| What you should do |
Exact copy, pictures omitted: the line holding "TetraClean Mogra Disinfectant" and every line after it down to the end of the entries.
Task data Start Marker
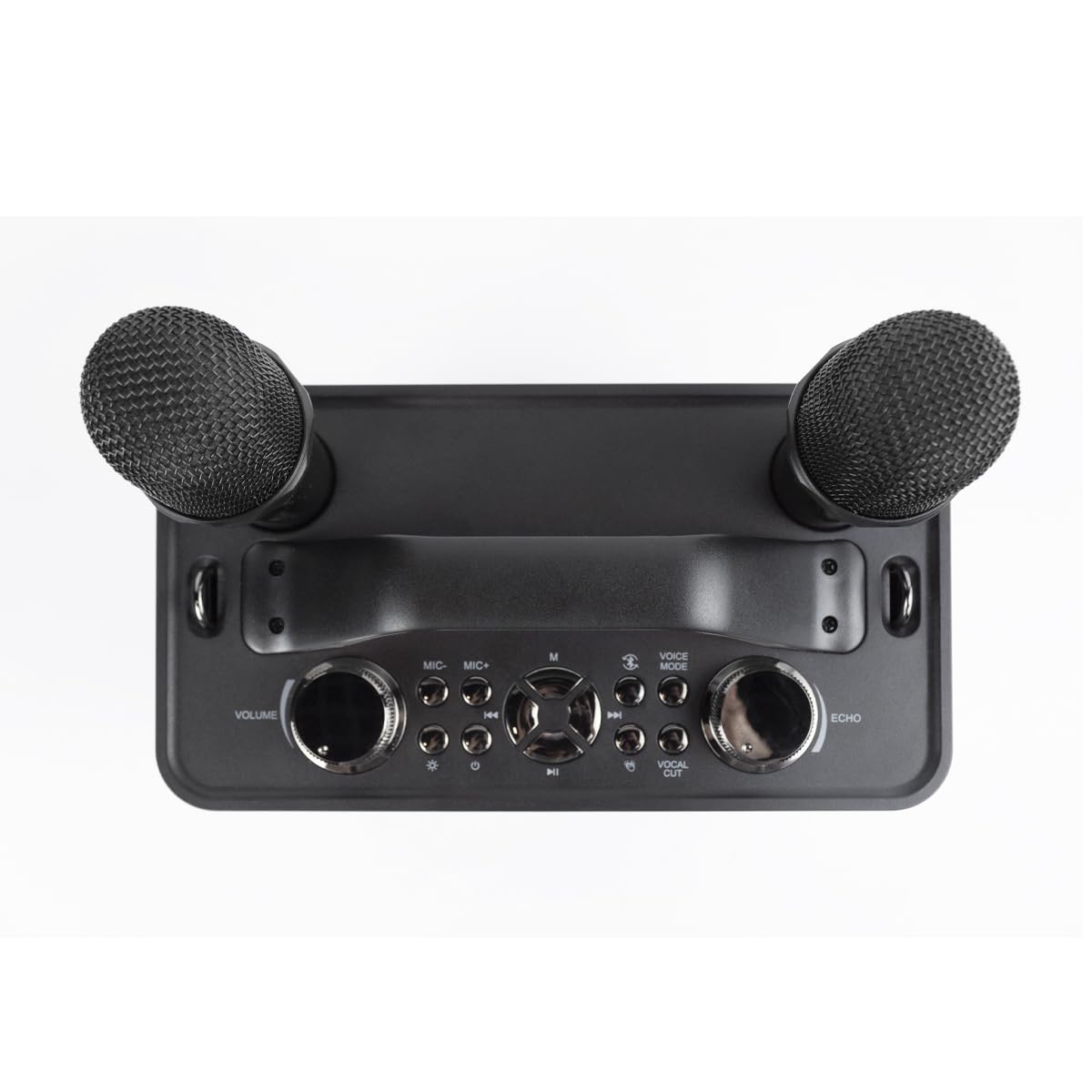 PRIXTON Karaoke con 2 Microfoni PartyGO, Cassa portatile di grande potenza per feste con Bluetooth/USB/AUX/SD, Speaker Wireless con luce LED multicolore RGB, Autonomia 4h, Regali per adulti e bambini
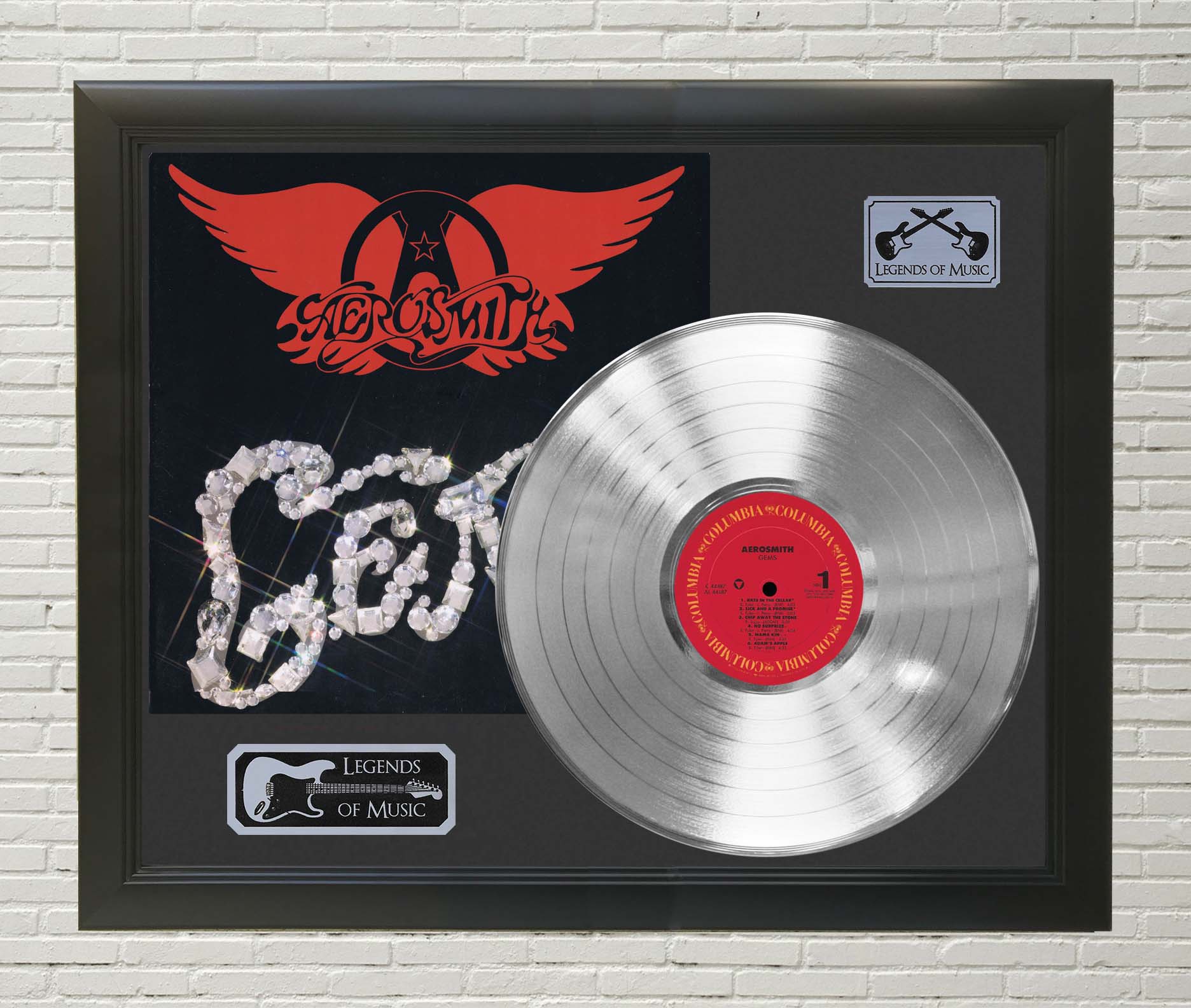 Aerosmith Gems Framed Platinum Lp Record Display C3 Gold Record Outlet Album And Disc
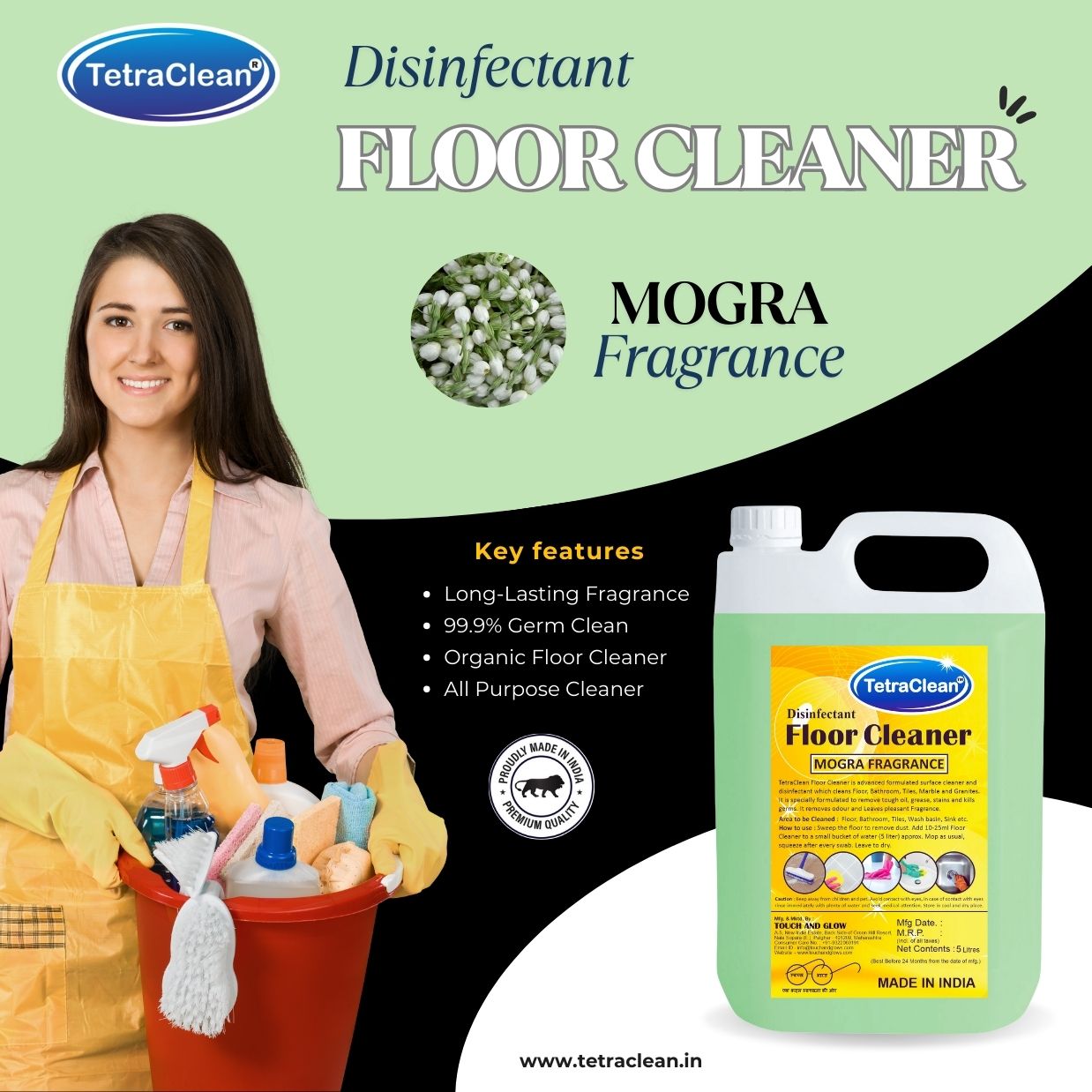 TetraClean Mogra Disinfectant Floor Cleaner – Floral Freshness, 99.9% Germ Protection & Sparkling Shine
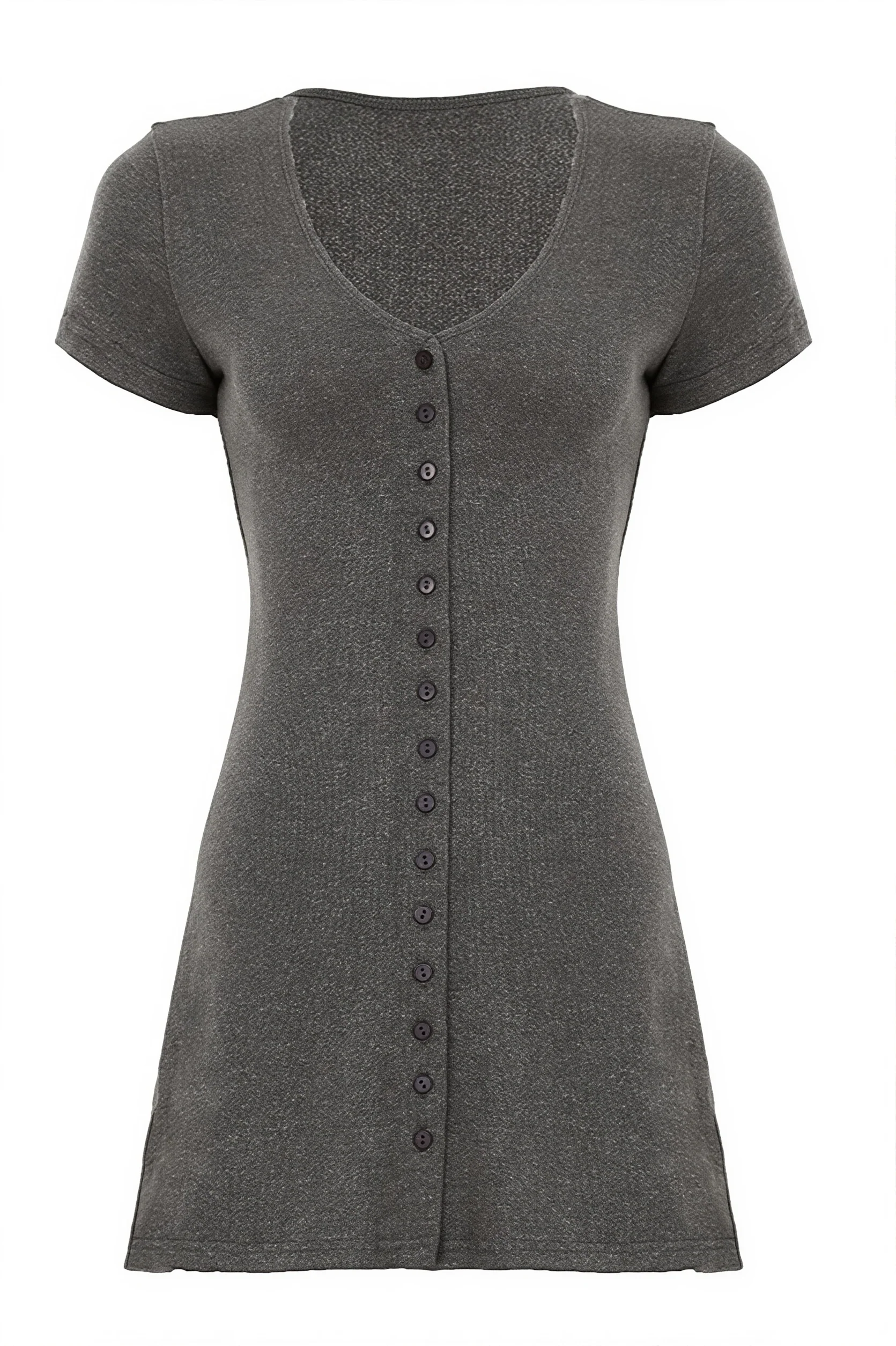 Solid Button Knit V Neck Slim Mini Dress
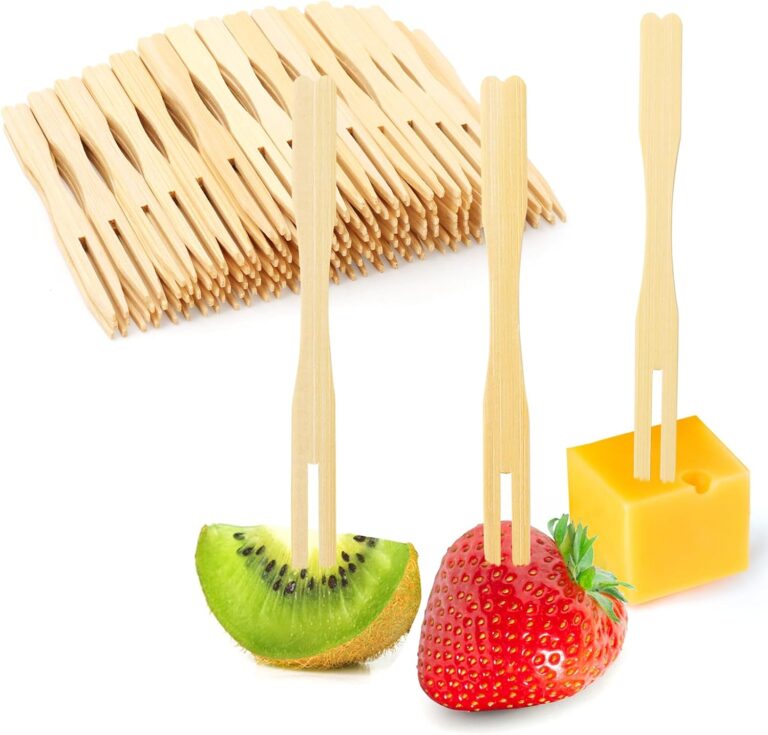 Mini wooden forks for party food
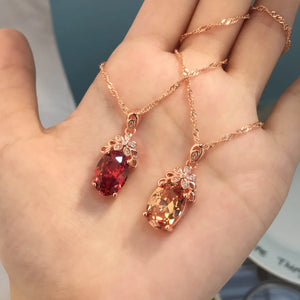 Egg-Shaped Necklace Simulated Morganite Pigeon Blood Ruby Pendant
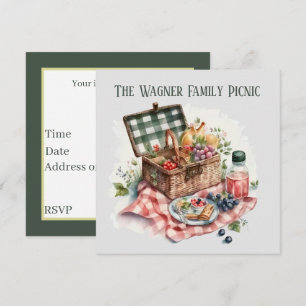 cute picnic party lovers Paper Plates Invitation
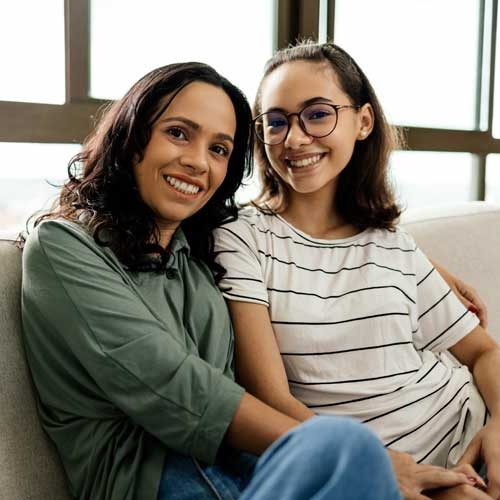 A woman with her teenage daughter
Task data End Marker
| Written response |
 TetraClean Mogra Disinfectant Floor Cleaner – Floral Freshness, 99.9% Germ Protection & Sparkling Shine
 Solid Button Knit V Neck Slim Mini Dress
 Mini wooden forks for party food
 Egg-Shaped Necklace Simulated Morganite Pigeon Blood Ruby Pendant
 cute picnic party lovers Paper Plates Invitation
 A woman with her teenage daughter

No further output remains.